Ray Borg is not a household name in mixed martial arts, but that might not be the main reason the 24-year-old fighter has been questioned as a next top contender in the UFC’s flyweight division.
While Borg has won five of his last six Octagon appearances, the New Mexico native has also missed the 125-pound limit in two of his last four bouts. He checked in a 129.5 pounds for a December meeting with Louis Smolka at UFC 207 and 126.75 for a UFC Fight Night 73 contest against Geane Herrera in August 2015. His did, however, make weight without issue prior to a decision victory over Jussier da Silva in March.
Borg, who made his professional debut when he was 19 years old, says that a recent move to Jackson-Wink MMA has helped him refine his approach in that area. “The Tazmexican Devil” began his career training at FIT-NHB in Albuquerque, the home of UFC welterweight Tim Means.
“This is a question that I get a lot, which is expected because I have missed weight twice,” Borg said during a recent media call. “But really, I mean I turned 24, I never came from a superstar camp, so a few of my weight cuts were more of improper weight cutting and honestly just lack of knowledge of how to go about weight cutting, staying low in the offseason. I’ve corrected my mistakes. I’ve done what I’ve had to do to get to that 125-pound limit. I have no doubt in my mind I’m going to make weight easily.”
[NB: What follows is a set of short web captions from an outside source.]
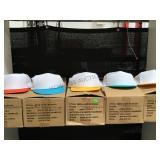 SHELF LOT OF 'MADHATTER ' PREMIUM BALL CAPS SHELF LOT OF 'MADHATTER ' PREMIUM BALL CAPS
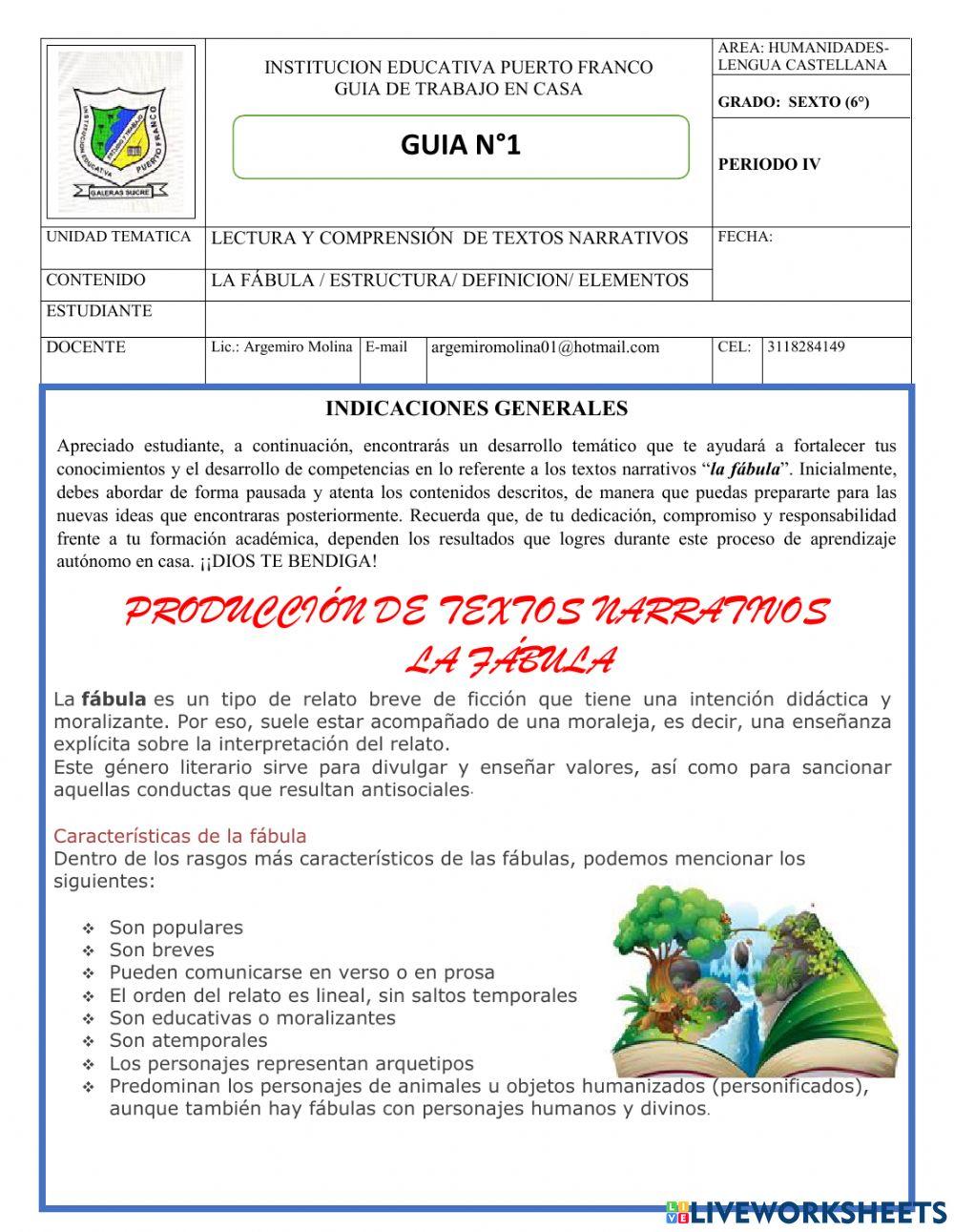 Fabula: el zorro y la gallina sabia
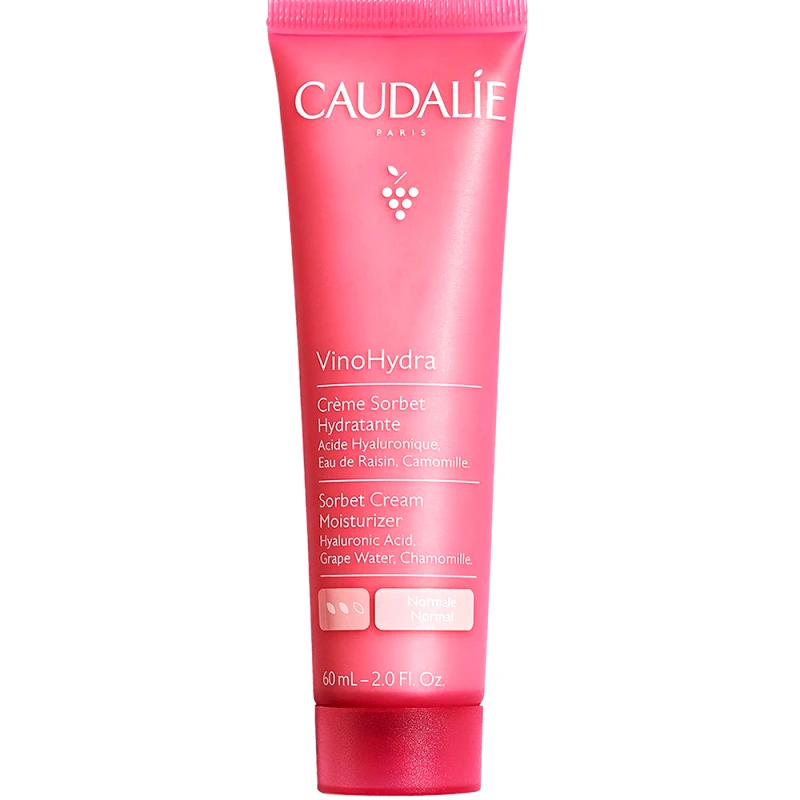 Caudalie Caudalie VinoHydra Sorbet Cream Moisturizer Normal Skin Ενυδατική, Καταπραϋντική Κρέμα-Gel Προσώπου - Λαιμού για Μείωση της Δερματικής Ευαισθησίας, Κατάλληλη για Κανονικές Επιδερμίδες 60ml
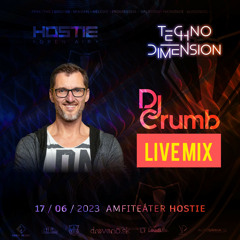 Dj Crumb_Techno Dimension (Hostie 2023_live mix)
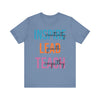 Unisex Jersey Short Sleeve Tee
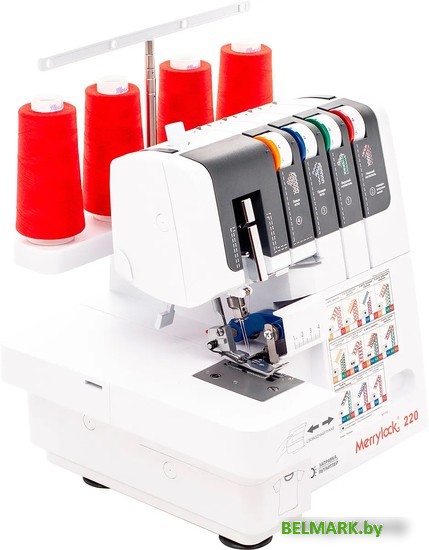 Оверлок Merrylock 220 - фото2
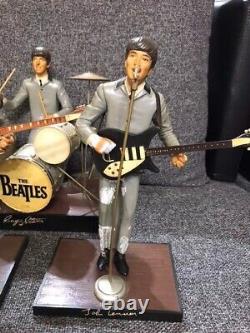 The Beatles Figure Figurine Collection Band Musical Instrument John Lennon0949AK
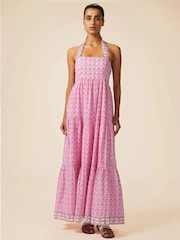 Aspiga Pink Tabitha Maxi Dress - Image 6 of 8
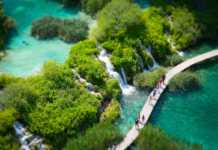 balkan tour Plitvice Lakes National Park,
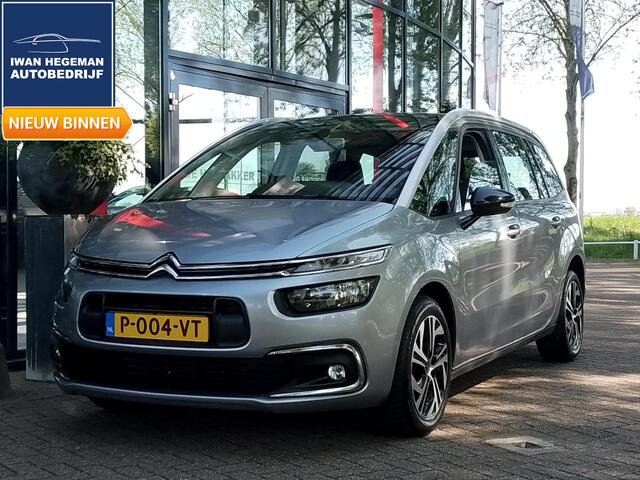 Citroen GRAND C4 PICASSO SpaceTourer 1.2 PureTech Business 7 persoons AUTOMAAT | Navi | ECC | PDC + Camera | Cruise Control |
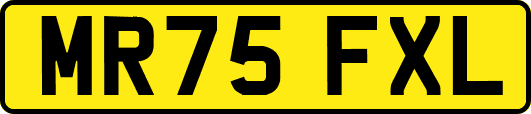 MR75FXL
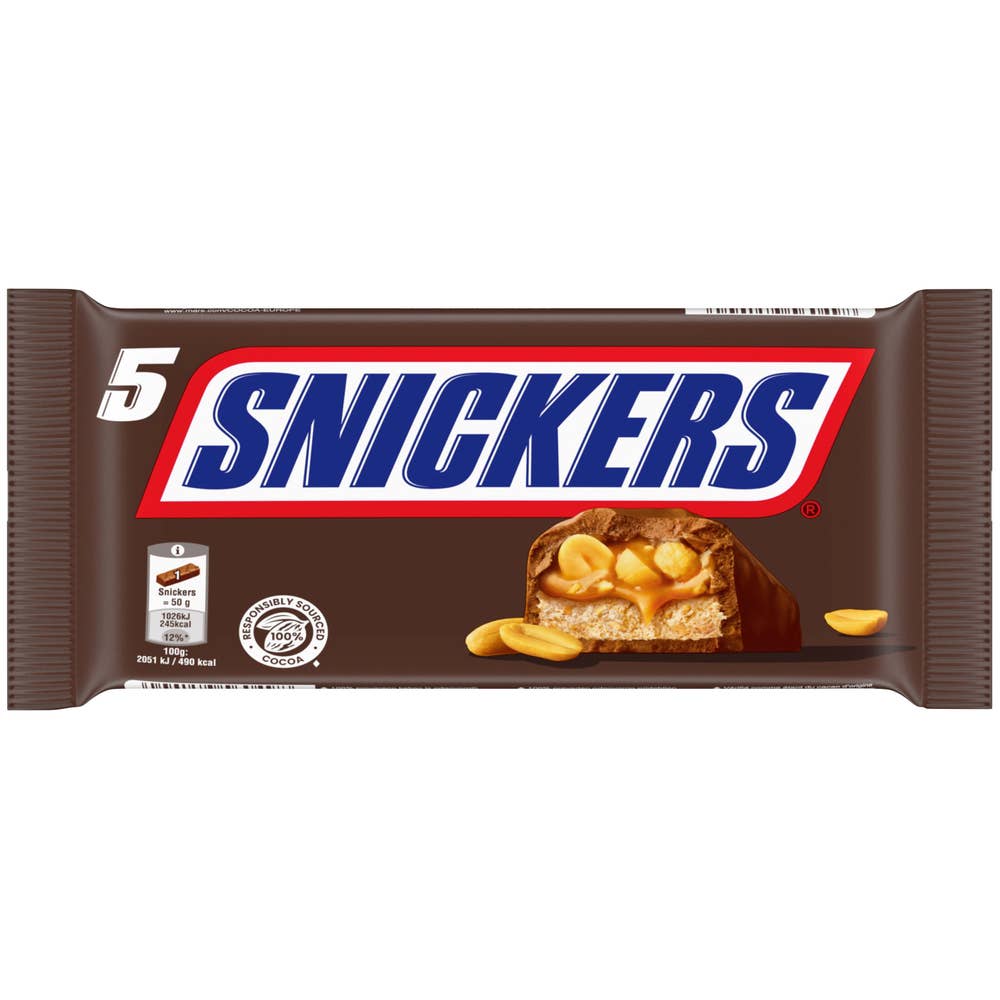 Snickers 5 x 50g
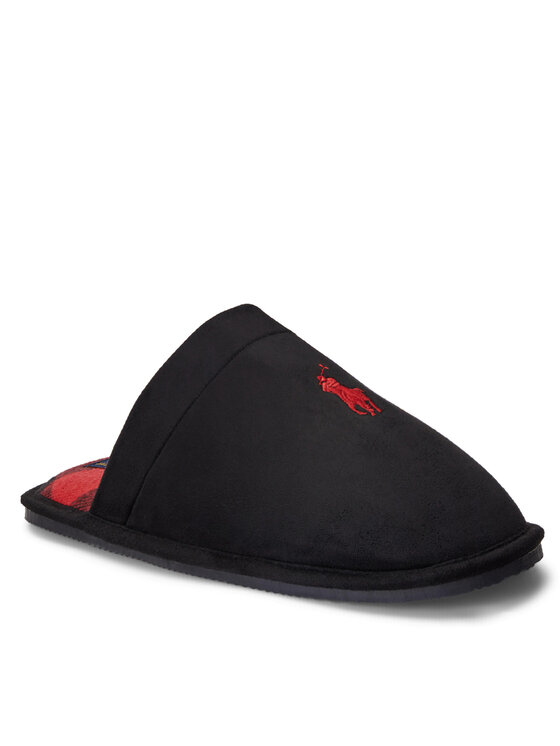 Polo Ralph Lauren Polo Ralph Lauren Bačkory 843924517002 Černá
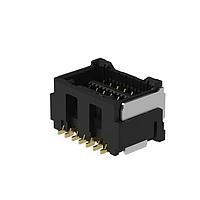 Molex 213227-1471 Receptacle CLIKMATE1.5 DRVT SMT AU0.76 ETP 14P BK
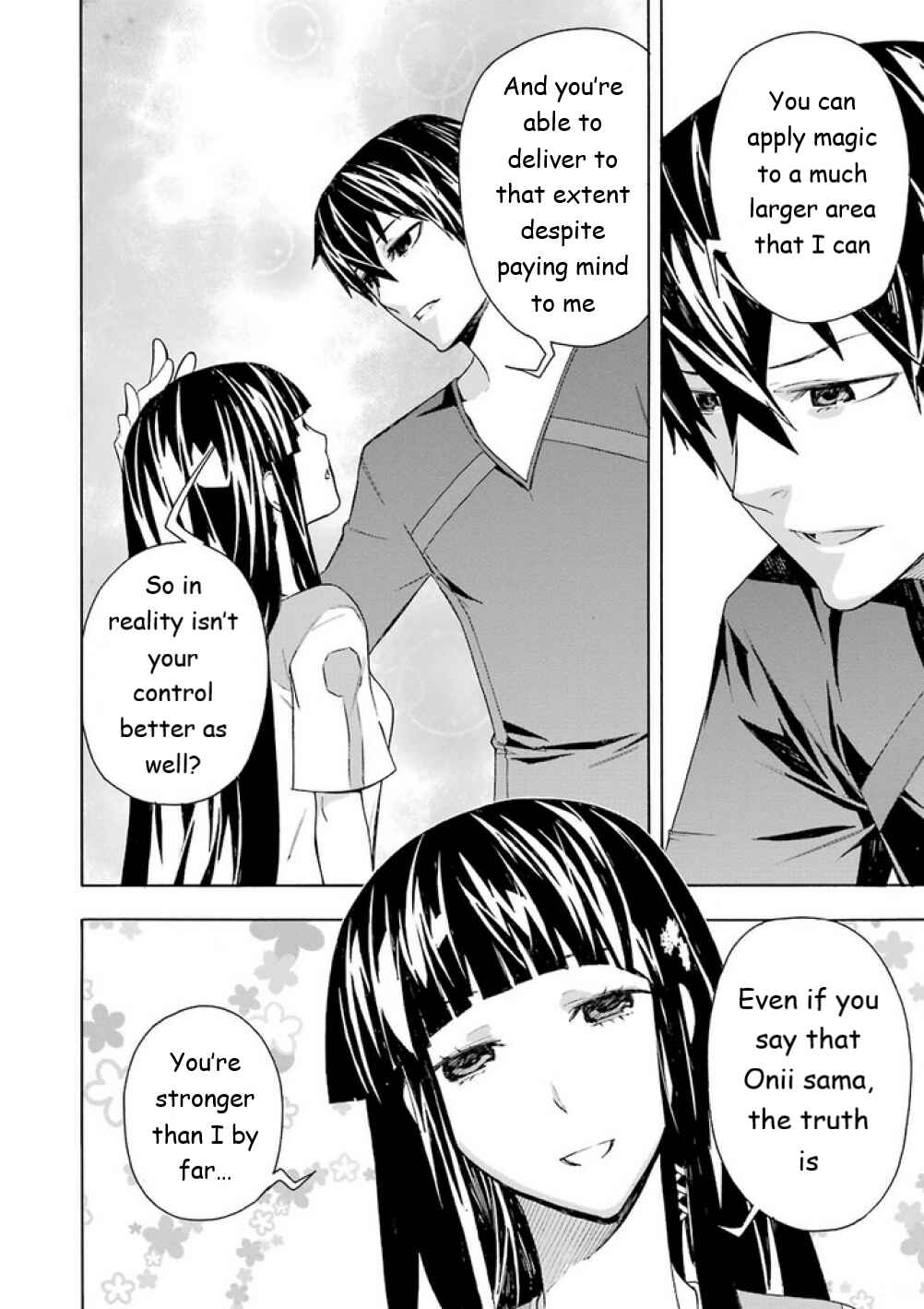 Page 31 Chapter 9 Mahouka Koukou no Rettousei - Yokohama Souran-hen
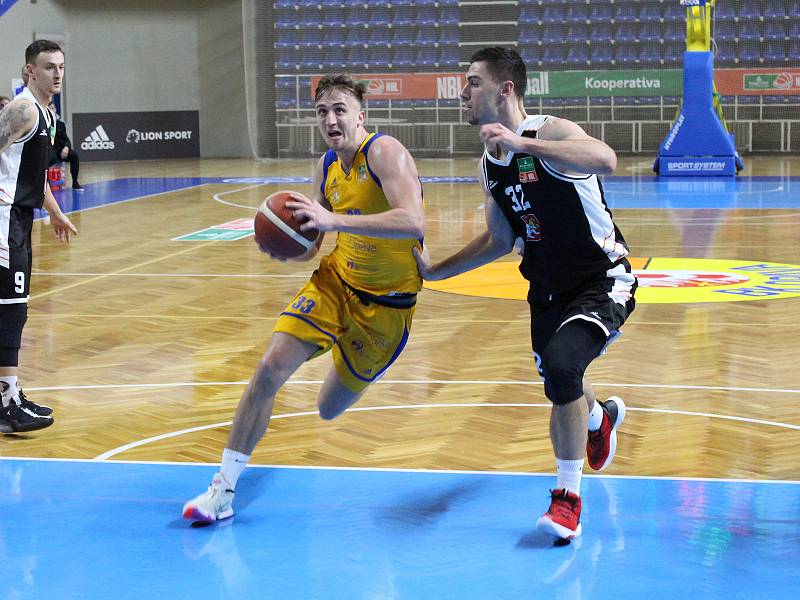 Basketbalisté Opavy vyhráli i bez Kuby Šiřiny. Foto: Ondřej Ludvík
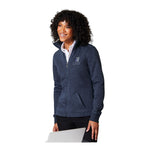 Port Authority L293 Women's Slub Fleece Full-Zip Jacket
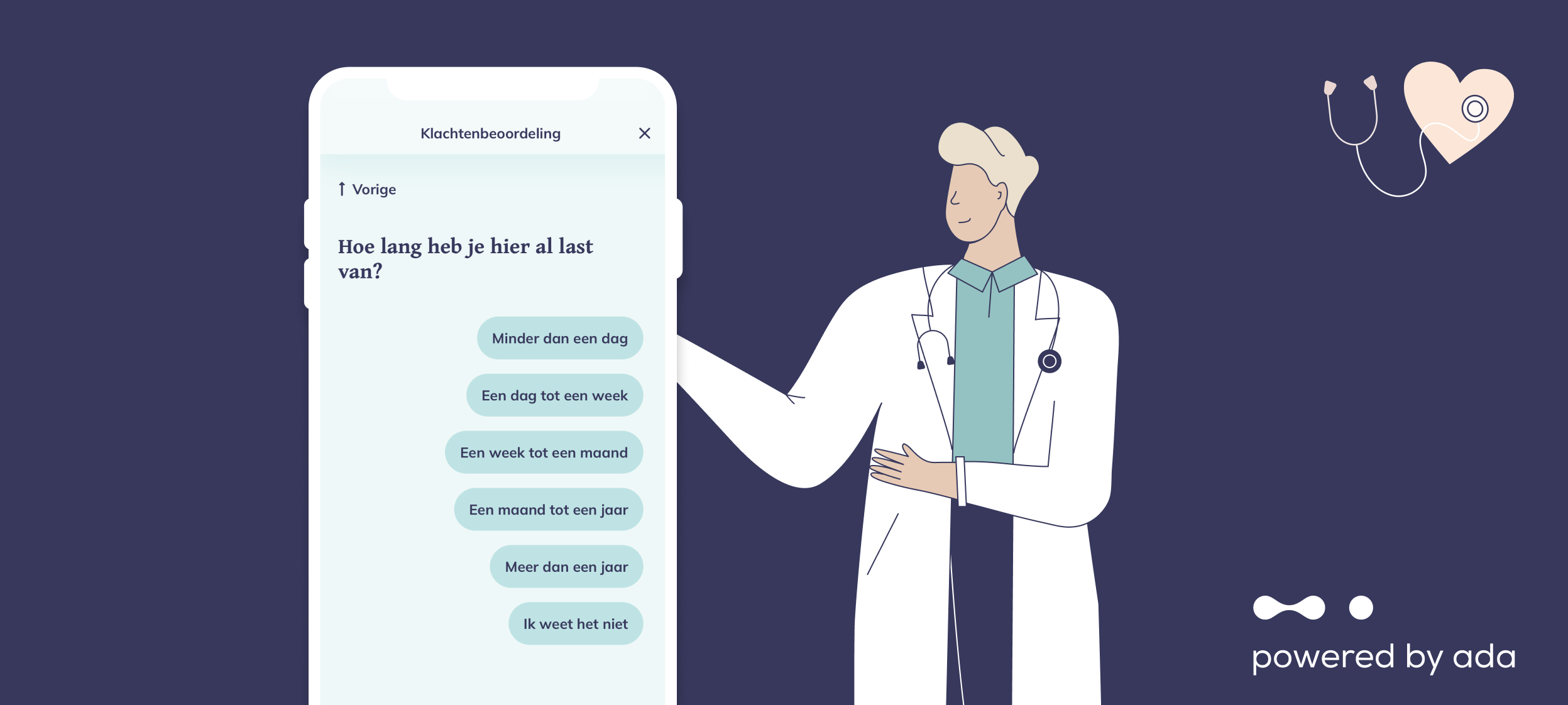 Een slimme symptoomchecker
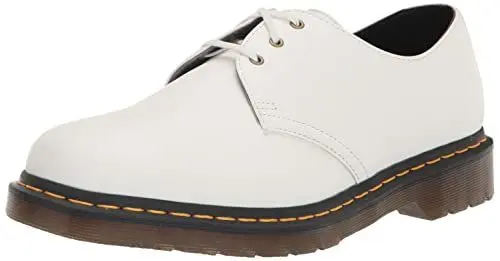 Produktbild: Dr. Martens Unisex Erwachsene Halbschuhe Vegan 1461 Weiss 37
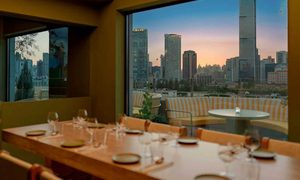Atelier Kau Lou is a contemporary Cantonese restaurant in Shanghai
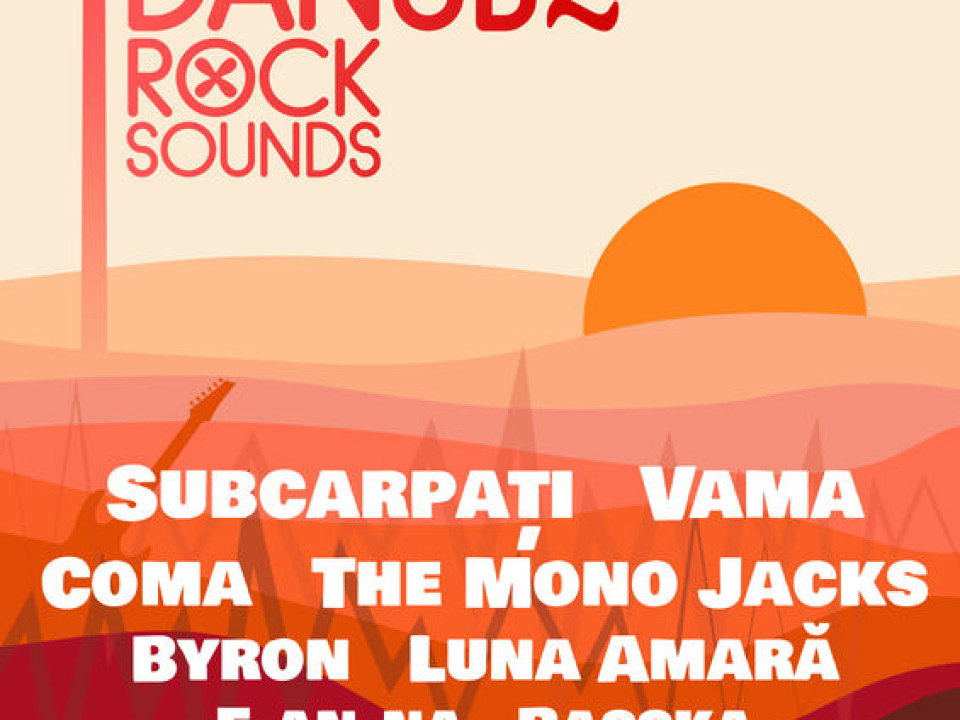 VAMA, The Mono Jacks, E-an-na și Luna Amară completează line-up-ul Danube Rock Sounds 2023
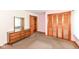 Bedroom featuring a dresser and closet space for storage at 830 N 16Th St, Elwood, IN 46036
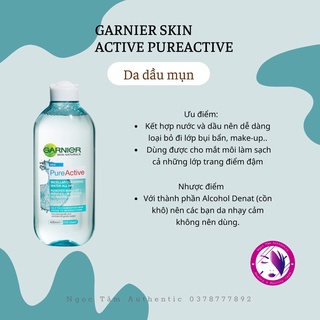 Tẩy trang Garnier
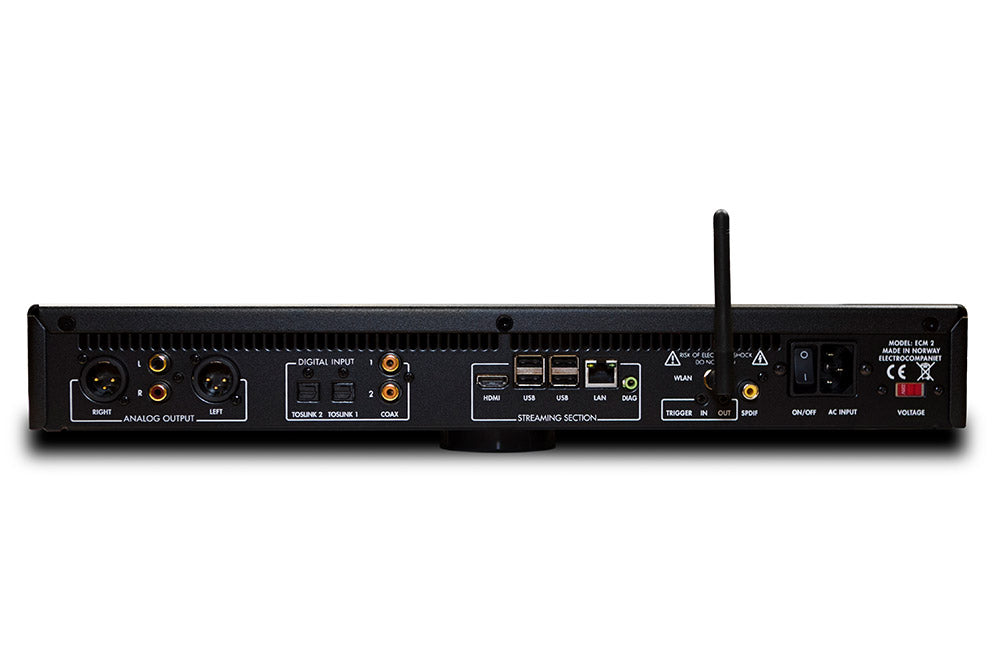 ECM 2 Network Media player/DAC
Borg will square off against Demetrious Johnson in the UFC 215 headliner at Rogers Place in Edmonton, Alberta, Canada, on Saturday night. Johnson will be attempting to take sole possession of the record for most consecutive UFC title defenses, a mark he currently shares with Anderson Silva. Any problems on the scale for Borg could put a damper on a potentially historic night for “Mighty Mouse,” but the long-reigning champ doesn’t expect that to be an issue.
“I’m not worried about that. I’m sure he’s going to do his job and make the weight class,” Johnson said. “My job is to go out there and fight. I’m sure he’s going to make it.”
In addition to improving his weight-cutting technique, Borg expects to be a completely different fighter than anything Johnson has seen on tape. Many times, young fighters tend to make significant improvements from one fight to another. Meanwhile, Borg might have a better idea of what to expect from his opponent considering how many fights Johnson has already had in the UFC.
I think what works in my advantage he has a lot of time in the game. He’s got so much film to study. It’s also dangerous for him because every fight I’ve been different,” Borg said. “I’m finally started to come into my own. It’s going to be a big surprise. There’s not much out on me as far as I’ve molded to this day.”